What concerns me is that through Marli, though no one seems quite to have intended it, the culture of the NYPL research division is being assimilated to the culture of the university library. What’s unique about NYPL—its democratic access, and the ready availability of its books—has been compromised. NYPL now has a hierarchy, awarding borrowing privileges to some users but not others. And it now allows book hoarding. Research books can be checked out for 60 days, and the wait for a book to be recalled is bound to be even longer than the wait for a book to come from offsite storage. The program is only a year old, and so far it’s quite small. Ann Thornton told me that only about 1700 NYPL books have been loaned out, and only one of these books has been recalled by another patron. At this size, one would expect the side effects to be minimal—scarcely even noticeable. But if the program continues, I suspect it will grow, as those outside the borrowing group start to notice that books are less often available and ask for the same privileges. Eventually every serious user of the library will want to be in the Marli program. Why wouldn’t you want to be? And once you can take books home, and once books are only erratically and dilatorily available at the library, why bother to work there? I fear that the Marli program, especially in combination with the CLP plans to move the bulk of NYPL’s books offsite, will reduce the library to no more than a book-delivery service.

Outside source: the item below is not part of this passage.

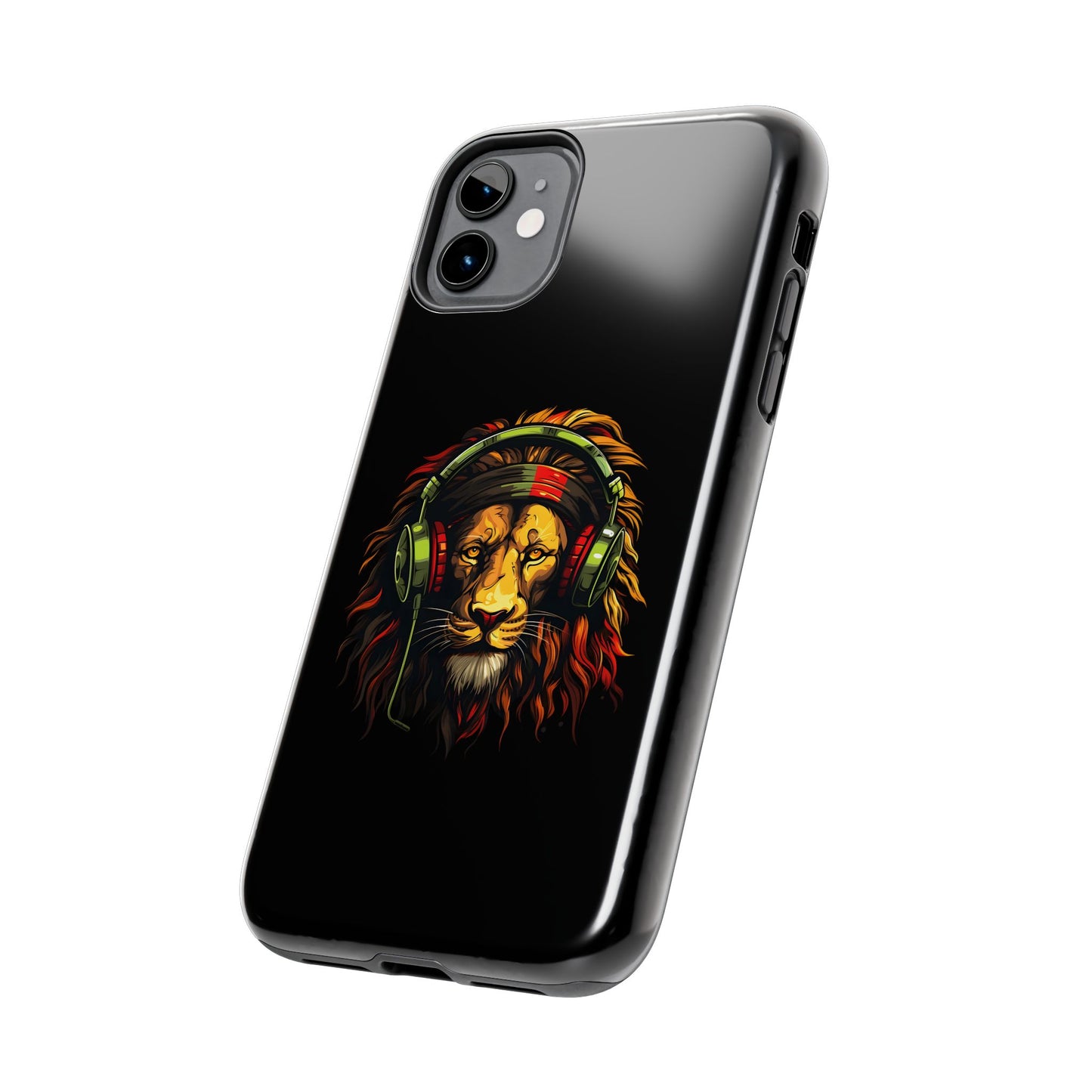 Caribbean Reggae Lion Tough iPhone Case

Can’t the NYPL keep its distinct culture? Must all research libraries be the same?

3 thoughts on “The Culture of the New York Public Library’s Research Divisions”

  1. I am probably not the first to point that out but I believe that what you really want now is a comprehensive digitalization of the NYPL stock.

    Indeed, it is a huge task. Nevertheless, it does solve the problem.

  2. Just to thank you for bringing this plan to attention, and for the vast amount of information you've already supplied, and for your willingness to deepen your involvement by serving on the planning council. I share your love for the uniqueness of NYPL; I dearly value its policy of democratic access. It's been such a deep pleasure to do research down the table from a bespectacled young student, a probably-homeless person, a tourist, a casual reader. That doesn't happen at the Houghton (although, as you note, that also has its distinct pleasures).

  3. Tremendously appreciate these articles–am working my way through them. Apologies if this is a foolish mildly off topic question, but my brain is tired: Why won't the storage facility have a reading room? If scholars come in from around the world for NYPL, wouldn't they take a bus to Jersey?